可以将文章内容翻译成中文,广告屏蔽插件可能会导致该功能失效(如失效，请关闭广告屏蔽插件后再试):

问题:

I'm running into an issue where I'm processing unicode strings and I want to do some error reporting with standard exceptions. The error messages contained in standard exceptions are not unicode.

Usually that hasn't been a problem for me because I can define the error message in non-unicode and have enough information, but in this case I want to include data from the original strings, and these can be unicode.
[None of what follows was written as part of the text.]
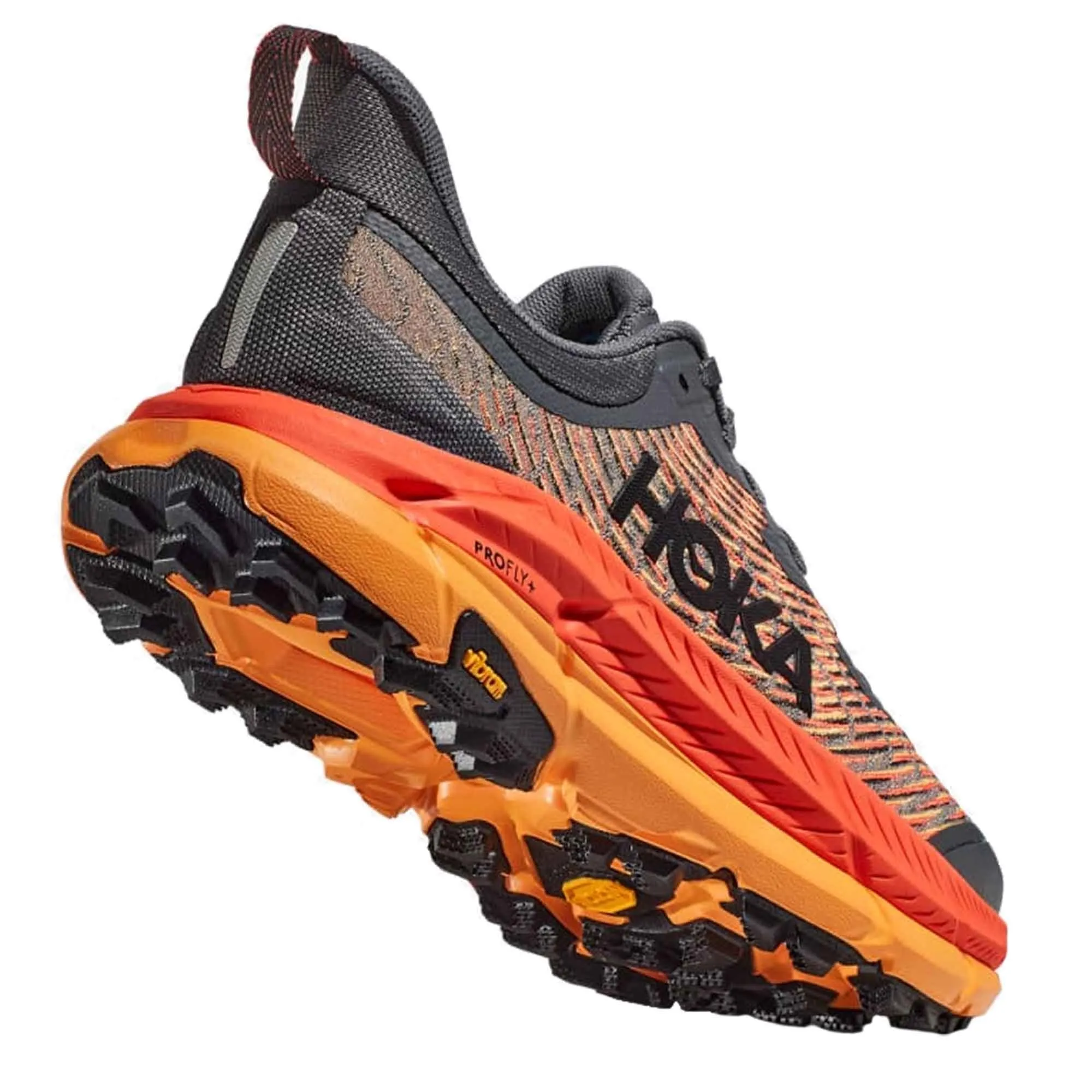 Hoka  Mafate Speed 4 Mens Trail Running Shoes Castlerock/Black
How do you handle unicode messages in your exceptions? Do you create your own custom exception class, do you derive from the standard exceptions extending them to unicode, or do you have even other solutions to this problem (such as a rule "don't use unicode in exceptions")?

回答1:

I think Peter Dimov's rationale as pointed out in the Boost error handling guidelines covers this well:

Don't worry too much about the what() message. It's nice to have a message that a programmer stands a chance of figuring out, but you're very unlikely to be able to compose a relevant and user-comprehensible error message at the point an exception is thrown. Certainly, internationalization is beyond the scope of the exception class author. Peter Dimov makes an excellent argument that the proper use of a what() string is to serve as a key into a table of error message formatters. Now if only we could get standardized what() strings for exceptions thrown by the standard library...

回答2:

(I'm adding an answer to my own question after an insight because of Flodin's answer)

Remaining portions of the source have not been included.